• _Extracted material_
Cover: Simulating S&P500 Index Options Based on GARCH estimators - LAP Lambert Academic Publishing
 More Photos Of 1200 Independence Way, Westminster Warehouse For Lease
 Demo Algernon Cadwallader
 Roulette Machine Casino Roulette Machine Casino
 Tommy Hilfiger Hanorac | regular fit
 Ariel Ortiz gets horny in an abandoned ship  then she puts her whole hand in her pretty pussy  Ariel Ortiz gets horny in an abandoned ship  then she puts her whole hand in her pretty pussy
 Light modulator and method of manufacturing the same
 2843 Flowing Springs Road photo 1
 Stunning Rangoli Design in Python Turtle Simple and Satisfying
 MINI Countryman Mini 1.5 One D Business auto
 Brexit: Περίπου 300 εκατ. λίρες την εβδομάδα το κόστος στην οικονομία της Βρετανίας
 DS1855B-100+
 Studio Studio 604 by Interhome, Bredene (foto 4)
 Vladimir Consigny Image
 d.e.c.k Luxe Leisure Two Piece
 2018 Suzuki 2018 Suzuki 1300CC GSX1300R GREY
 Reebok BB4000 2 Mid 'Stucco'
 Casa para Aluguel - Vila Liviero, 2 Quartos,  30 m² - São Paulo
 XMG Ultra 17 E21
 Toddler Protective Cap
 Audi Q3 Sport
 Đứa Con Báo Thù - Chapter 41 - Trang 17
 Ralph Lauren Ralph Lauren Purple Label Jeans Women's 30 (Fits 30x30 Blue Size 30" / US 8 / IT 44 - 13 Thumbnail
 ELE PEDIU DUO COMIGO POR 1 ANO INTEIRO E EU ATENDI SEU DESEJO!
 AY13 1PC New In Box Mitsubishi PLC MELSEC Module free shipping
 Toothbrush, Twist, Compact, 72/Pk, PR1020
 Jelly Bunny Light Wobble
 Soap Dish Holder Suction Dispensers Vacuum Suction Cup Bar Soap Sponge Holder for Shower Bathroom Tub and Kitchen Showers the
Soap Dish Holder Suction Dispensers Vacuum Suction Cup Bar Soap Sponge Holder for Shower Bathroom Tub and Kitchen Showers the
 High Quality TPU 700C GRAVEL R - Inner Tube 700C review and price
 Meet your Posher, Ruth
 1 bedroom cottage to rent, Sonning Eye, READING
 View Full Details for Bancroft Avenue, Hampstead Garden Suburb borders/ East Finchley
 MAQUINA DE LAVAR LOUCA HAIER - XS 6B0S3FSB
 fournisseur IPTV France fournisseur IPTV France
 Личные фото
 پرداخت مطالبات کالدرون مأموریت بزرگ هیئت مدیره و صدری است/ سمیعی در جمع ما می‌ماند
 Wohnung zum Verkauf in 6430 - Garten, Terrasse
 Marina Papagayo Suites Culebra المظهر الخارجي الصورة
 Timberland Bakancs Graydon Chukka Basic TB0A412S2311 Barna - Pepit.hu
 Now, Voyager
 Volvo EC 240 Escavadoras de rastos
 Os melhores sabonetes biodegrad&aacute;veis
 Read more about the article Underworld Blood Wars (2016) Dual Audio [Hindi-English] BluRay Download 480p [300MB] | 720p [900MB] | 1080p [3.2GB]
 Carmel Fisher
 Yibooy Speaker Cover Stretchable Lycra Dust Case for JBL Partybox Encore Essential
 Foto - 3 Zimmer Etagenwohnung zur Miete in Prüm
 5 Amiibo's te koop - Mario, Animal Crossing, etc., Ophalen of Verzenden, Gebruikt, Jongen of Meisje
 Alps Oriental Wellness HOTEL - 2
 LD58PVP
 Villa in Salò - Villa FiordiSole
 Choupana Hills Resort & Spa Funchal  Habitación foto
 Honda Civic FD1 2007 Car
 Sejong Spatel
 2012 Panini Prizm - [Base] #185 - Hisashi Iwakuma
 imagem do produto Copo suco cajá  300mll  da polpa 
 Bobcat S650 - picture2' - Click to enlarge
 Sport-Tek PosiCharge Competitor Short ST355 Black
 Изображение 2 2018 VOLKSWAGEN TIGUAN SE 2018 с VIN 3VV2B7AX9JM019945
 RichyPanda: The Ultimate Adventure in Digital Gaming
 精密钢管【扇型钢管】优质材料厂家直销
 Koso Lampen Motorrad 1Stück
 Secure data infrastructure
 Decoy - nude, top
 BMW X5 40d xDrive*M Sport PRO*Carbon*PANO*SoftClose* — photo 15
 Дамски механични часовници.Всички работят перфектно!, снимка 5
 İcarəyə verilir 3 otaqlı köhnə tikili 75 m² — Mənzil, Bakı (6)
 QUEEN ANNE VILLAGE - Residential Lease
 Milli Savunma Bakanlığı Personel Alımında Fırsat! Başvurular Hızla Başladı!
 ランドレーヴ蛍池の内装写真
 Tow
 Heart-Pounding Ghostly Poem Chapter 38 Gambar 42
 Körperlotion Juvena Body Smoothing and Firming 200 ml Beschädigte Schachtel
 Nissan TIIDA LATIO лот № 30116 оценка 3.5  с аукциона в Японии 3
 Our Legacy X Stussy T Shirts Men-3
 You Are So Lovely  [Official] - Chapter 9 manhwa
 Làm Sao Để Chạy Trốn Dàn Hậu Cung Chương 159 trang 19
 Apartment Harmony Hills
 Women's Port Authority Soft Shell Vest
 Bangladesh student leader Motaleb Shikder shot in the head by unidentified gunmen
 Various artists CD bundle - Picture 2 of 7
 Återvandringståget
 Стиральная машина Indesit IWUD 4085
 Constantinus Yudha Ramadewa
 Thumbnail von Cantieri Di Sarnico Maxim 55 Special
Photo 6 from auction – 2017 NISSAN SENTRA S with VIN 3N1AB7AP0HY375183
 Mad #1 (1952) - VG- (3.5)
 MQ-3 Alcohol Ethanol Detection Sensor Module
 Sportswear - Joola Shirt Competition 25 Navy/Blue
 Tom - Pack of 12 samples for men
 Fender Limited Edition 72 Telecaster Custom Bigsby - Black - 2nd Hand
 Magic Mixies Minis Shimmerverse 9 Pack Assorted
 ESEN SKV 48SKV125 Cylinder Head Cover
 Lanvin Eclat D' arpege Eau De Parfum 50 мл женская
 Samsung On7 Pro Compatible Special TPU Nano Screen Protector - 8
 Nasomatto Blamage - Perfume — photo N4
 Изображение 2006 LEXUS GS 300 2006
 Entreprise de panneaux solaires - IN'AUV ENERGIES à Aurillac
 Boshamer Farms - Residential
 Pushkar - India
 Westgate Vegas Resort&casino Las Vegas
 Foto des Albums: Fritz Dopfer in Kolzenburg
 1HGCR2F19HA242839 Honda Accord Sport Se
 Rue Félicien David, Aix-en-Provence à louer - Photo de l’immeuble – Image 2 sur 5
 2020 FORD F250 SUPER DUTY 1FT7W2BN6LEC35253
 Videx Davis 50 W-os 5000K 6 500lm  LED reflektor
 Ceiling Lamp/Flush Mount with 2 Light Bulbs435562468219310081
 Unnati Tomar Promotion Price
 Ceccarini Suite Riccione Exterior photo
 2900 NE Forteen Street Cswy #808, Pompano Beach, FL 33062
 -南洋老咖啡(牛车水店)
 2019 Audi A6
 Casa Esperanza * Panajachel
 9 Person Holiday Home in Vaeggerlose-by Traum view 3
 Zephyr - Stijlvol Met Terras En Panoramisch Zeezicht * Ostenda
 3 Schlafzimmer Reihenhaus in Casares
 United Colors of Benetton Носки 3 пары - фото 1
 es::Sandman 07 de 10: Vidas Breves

• _Work to be completed_
Go through the records above and copy every line with the word "Light".

• _Answer_
 Light modulator and method of manufacturing the same
 Jelly Bunny Light Wobble
 Ceiling Lamp/Flush Mount with 2 Light Bulbs435562468219310081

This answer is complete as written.